Currently, the lending portfolio of KFC is Rs. 2500 crore. The Corporation hopes to double the figure in the next three years. It is laudable that KFC is aiming to encourage startups in Kerala. Some of the startups which opened in Kerala have attracted international attention in a very short span of time. In what is expected to be a relief to startup entrepreneurs, KFC plans to release up to Rs. 10 lakh as credit to them at low interest rates and liberal conditions. Under a new Purchase Order Finance Scheme, KFC will further sanction up to Rs 1 crore as credit to startups when they start production on a commercial basis – upon receiving a purchase order.
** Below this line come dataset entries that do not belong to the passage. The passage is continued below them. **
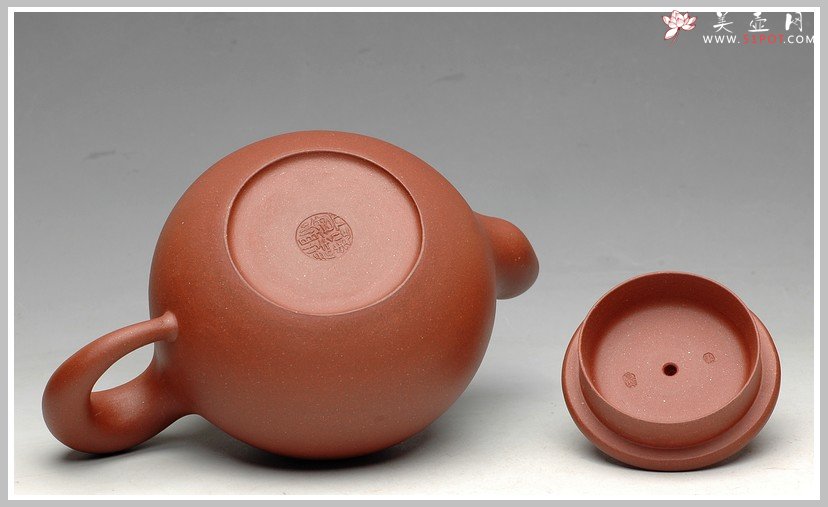 紫砂壶图片： 道洪风格  器形饱满 非常纯的地槽青 全手鼎珠 - 美壶网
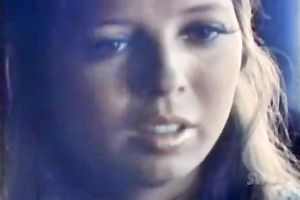 Spectacled cutie acquires enticed by chap and gives him a oral-stimulation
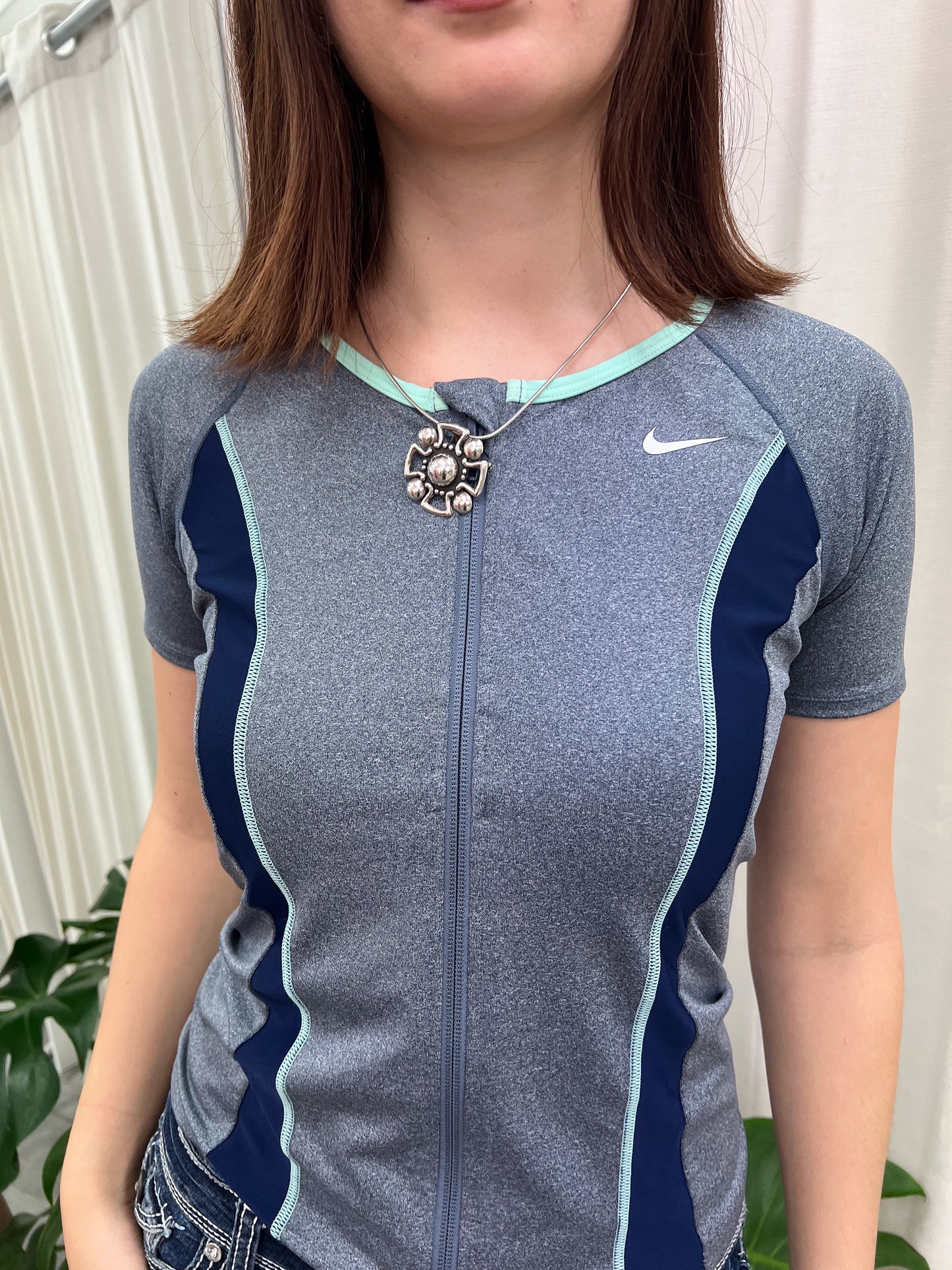 Grey Nike Short Sleeve Sports Top - Size M/L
Also, under the new credit policy, KFC will implement a Venture Debt Scheme for the first time in the state. Startups which have shares of Venture Capital funds will be eligible for the venture debt scheme. Both Purchase Order Finance Scheme and Venture Debt Scheme will be implemented with the State Government’s guarantee.
“The government trusts KFC and I hope that it will be able to work with the customers on the developmental front,” said Vijayan.

Although state financial institutions in south India are performing remarkably, the Central Government’s approach towards them has not been encouraging. The Central Government-owned financial institution Small Industries Development Bank of India (SIDBI), which is supposed to refinance state financial institutions, has completely stopped giving credit to KFC. “There is a clear effort to shut down institutions like KFC. It is important to exert pressurise on the Central government to bring about a change in the situation,” the Chief Minister added.

A major challenge faced by the Corporation is that it cannot give out credit more than Rs. 8 crore. When the borrower’s firm grows, he or she will have to depend on large banking corporations. The credit policy of KFC is based on the State Financial Corporation Act. According to experts, absence of amendment to the law in the last 18 years has adversely affected KFC. “If the law is not amended taking into consideration the real situation, the state financial institutions will not be able to perform competitively,” Vijayan said.

Also, KFC is not authorized to provide credit to fund capital. KFC cannot give credit more than Rs. 8 crore unless it has the status of small-scale bank and the request of KFC to accord the status was rejected by RBI. Besides, the central bank of India has prohibited KFC from accepting public deposits citing its seven per cent Non-Performing Assets (NPA).

According to Thomas Isaac, Finance Minister, Kerala, the State Government aims to reinvent KFC as one of the best financial institutions in the country. “As per the new policies, the target is not to book maximum profit but to help maximum deserving entrepreneurs and businesses,” he said.

Sanjeev Kaushik, Chairman and Managing Director, KFC; K Muraleedharan MLA; Paul Antony IAS, Chief Secretary and Manoj Joshi, Principal Secretary of Finance were also present at the function.